### Work request
Exact reproduction required: the lines below from the line with "2021 Chevrolet Equinox Premier" to the line with "CAMISETA LOGO PECHO", both ends included, and no others.

Data excerpts:
■ ■ ■ ■

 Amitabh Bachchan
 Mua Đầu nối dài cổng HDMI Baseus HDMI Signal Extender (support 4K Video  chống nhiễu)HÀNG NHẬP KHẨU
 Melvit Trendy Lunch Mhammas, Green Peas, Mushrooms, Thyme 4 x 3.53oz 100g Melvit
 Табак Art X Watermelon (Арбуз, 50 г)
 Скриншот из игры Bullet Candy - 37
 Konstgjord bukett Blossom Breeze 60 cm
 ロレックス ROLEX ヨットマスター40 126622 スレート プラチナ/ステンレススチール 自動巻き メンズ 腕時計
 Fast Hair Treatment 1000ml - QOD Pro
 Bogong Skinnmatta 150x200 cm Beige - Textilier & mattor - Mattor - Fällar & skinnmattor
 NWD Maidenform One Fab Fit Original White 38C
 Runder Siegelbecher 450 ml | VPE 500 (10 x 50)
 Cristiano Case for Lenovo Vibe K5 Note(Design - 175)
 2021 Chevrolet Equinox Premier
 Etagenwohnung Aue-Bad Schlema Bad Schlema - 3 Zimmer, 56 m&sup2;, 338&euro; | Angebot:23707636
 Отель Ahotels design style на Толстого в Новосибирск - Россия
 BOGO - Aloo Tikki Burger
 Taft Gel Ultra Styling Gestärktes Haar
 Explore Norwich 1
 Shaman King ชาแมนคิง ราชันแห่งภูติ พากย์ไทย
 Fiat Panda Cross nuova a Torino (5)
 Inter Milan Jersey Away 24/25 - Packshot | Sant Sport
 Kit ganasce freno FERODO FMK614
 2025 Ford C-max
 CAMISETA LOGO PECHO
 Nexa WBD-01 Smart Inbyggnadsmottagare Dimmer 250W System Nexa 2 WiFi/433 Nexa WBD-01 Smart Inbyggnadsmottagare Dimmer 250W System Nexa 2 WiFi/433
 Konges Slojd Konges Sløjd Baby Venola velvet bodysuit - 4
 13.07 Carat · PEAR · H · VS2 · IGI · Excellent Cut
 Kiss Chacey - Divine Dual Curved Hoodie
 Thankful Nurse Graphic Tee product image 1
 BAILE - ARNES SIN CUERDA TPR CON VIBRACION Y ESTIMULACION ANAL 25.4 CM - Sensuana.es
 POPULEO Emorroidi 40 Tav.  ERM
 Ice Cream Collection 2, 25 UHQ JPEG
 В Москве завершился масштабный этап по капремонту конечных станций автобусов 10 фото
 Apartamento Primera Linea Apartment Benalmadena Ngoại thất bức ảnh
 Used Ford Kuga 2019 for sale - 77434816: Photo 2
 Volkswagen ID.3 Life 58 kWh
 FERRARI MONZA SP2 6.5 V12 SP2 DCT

■ ■ ■ ■

### Response
 2021 Chevrolet Equinox Premier
 Etagenwohnung Aue-Bad Schlema Bad Schlema - 3 Zimmer, 56 m&sup2;, 338&euro; | Angebot:23707636
 Отель Ahotels design style на Толстого в Новосибирск - Россия
 BOGO - Aloo Tikki Burger
 Taft Gel Ultra Styling Gestärktes Haar
 Explore Norwich 1
 Shaman King ชาแมนคิง ราชันแห่งภูติ พากย์ไทย
 Fiat Panda Cross nuova a Torino (5)
 Inter Milan Jersey Away 24/25 - Packshot | Sant Sport
 Kit ganasce freno FERODO FMK614
 2025 Ford C-max
 CAMISETA LOGO PECHO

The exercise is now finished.